By Josh Grossberg Oct 08, 2012 6:39 PMTags
Sarah BrightmanAP Photo

She shot to fame as Christine in ex-husband Andrew Lloyd Webber's stage musical The Phantom of the Opera. Now Sarah Brightman is boldly going where no soprano singer has gone before: to the stars!

The 52-year-old crooner is the latest in a growing number of private citizens hitching a ride aboard a Russian Soyuz spacecraft to the International Space Station next year.

Now this is what we call a real space opera.

Per Space.com, Brightman is set to hold a press conference on Wednesday in Moscow, where she'll confirm the news. Expected to join Sarah for the announcement will be Russian TV host Mikhail Gendelev, and Eric Anderson, chairman of the Virginia-based space tourism firm, Space Adventures, which brokered the deal.

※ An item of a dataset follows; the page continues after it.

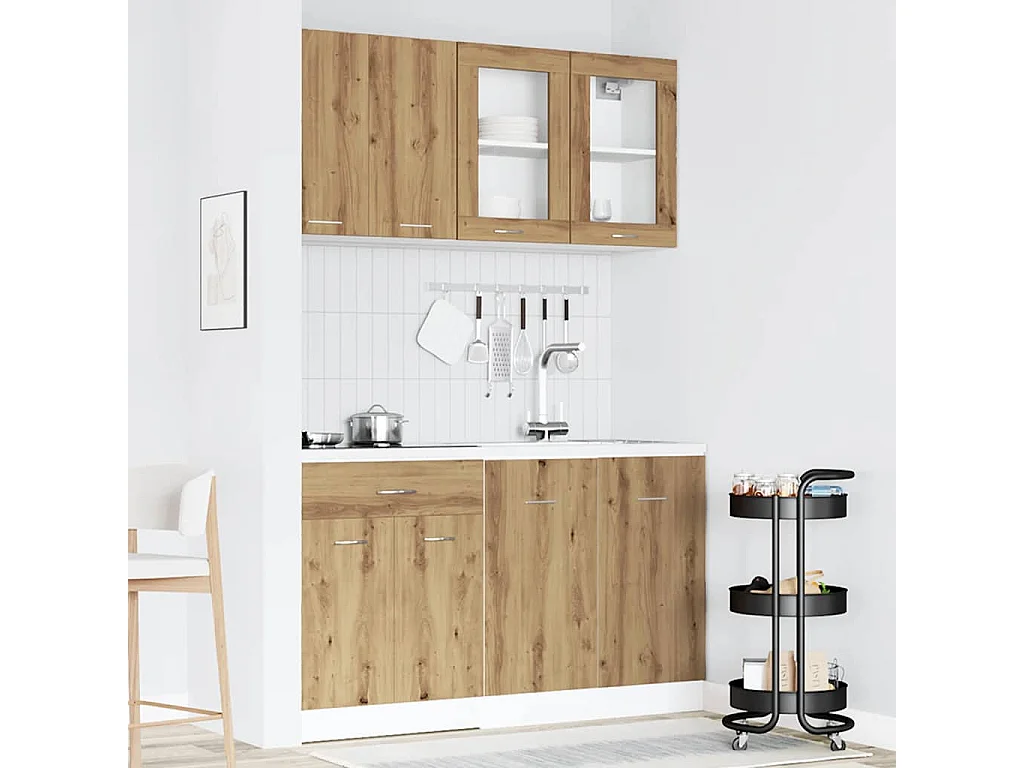 Ensemble de 4 meubles de cuisine "Lyon" en chêne artisanal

As part of her preparations for voyage, which could last anywhere from eight days to two weeks, Brightman will undergo six months of intensive training with cosmonauts at Russia's Star City.

No word how much it's gonna cost the classically trained musician and West End and Broadway mainstay. The previous ticket price to score a seat on the Soyuz has ranged from $20 million, which multimillionaire businessman Dennis Tito paid to become the first-ever "space tourist" in 2001, to the $35 million Cirque du Soleil's billionaire CEO Guy Laliberté coughed up in 2009.

Billionaire Richard Branson meanwhile—who launched Virgin Galactic airlines to ferry regular folks heavenward— has reportedly signed up such celebrity astronauts as Ashton Kutcher, Tom Hanks, and Brad Pitt and Angelina Jolie for suborbital journeys on his new rocket plane, SpaceShipTwo.

Brightman's not totally unfamiliar with the Final Frontier.

At the beginning of her career in the late '70s, she was a member of the dance troupe Hot Gossip, during which time she conquered the chart universe with the space disco hit "I Lost My Heart to a Starship Trooper."